Recorded data:
>>>>>
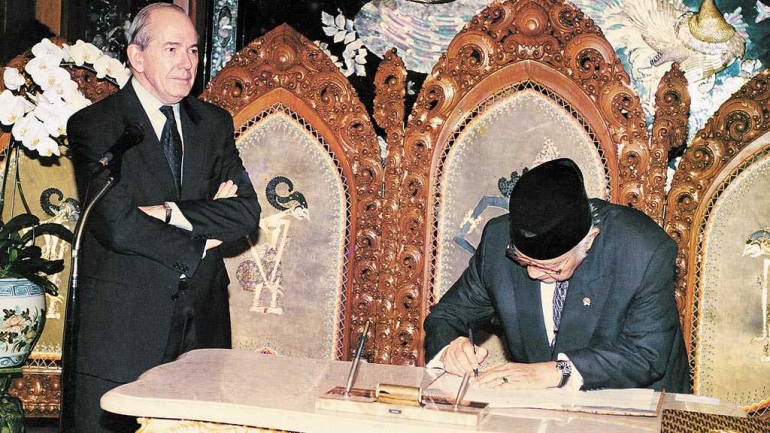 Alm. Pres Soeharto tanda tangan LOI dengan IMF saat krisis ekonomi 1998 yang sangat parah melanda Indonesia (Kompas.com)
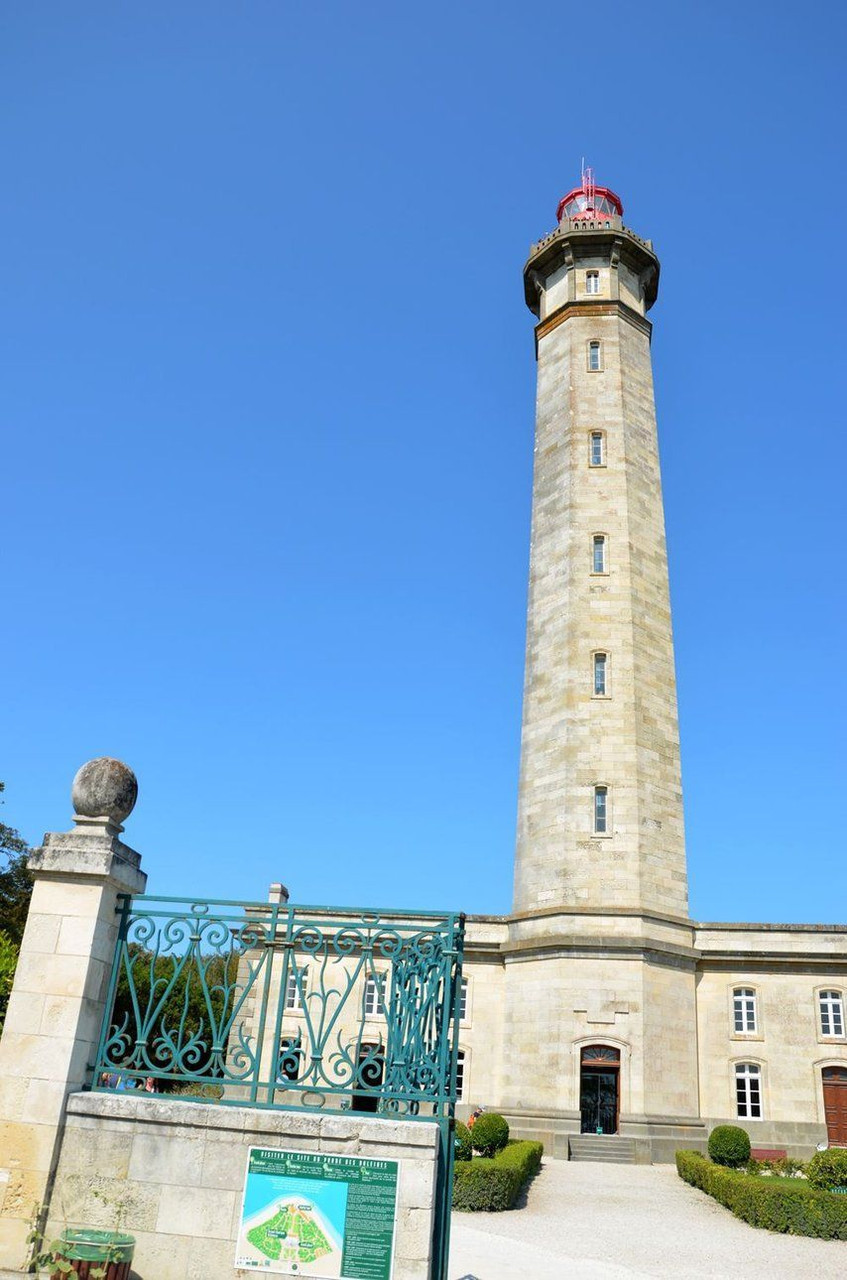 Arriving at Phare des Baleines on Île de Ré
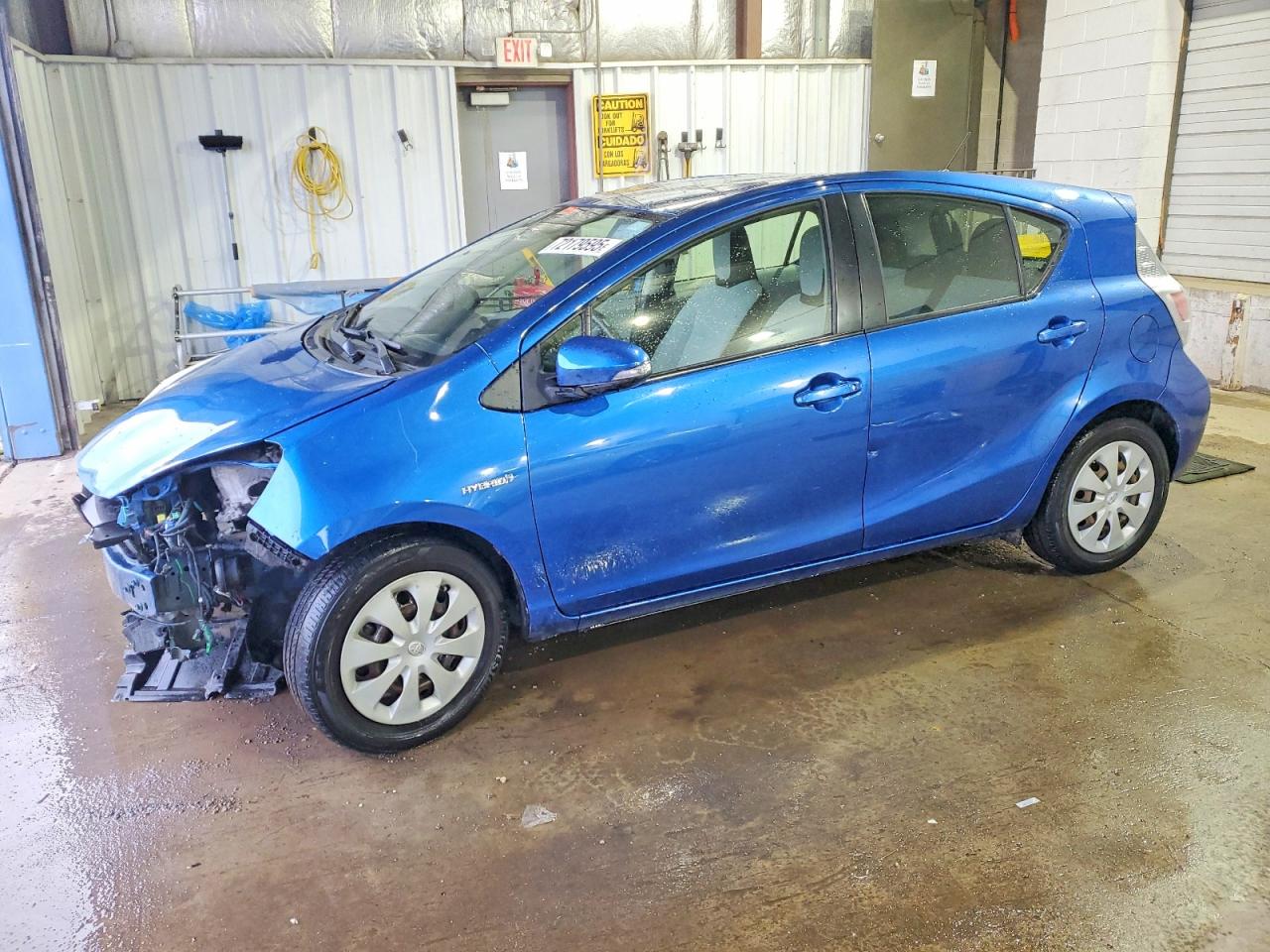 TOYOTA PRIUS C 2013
<<<<<
Task requirements:
The full material above must be output verbatim, minus any pictures.

Your solution:
 Alm. Pres Soeharto tanda tangan LOI dengan IMF saat krisis ekonomi 1998 yang sangat parah melanda Indonesia (Kompas.com)
 Arriving at Phare des Baleines on Île de Ré
 TOYOTA PRIUS C 2013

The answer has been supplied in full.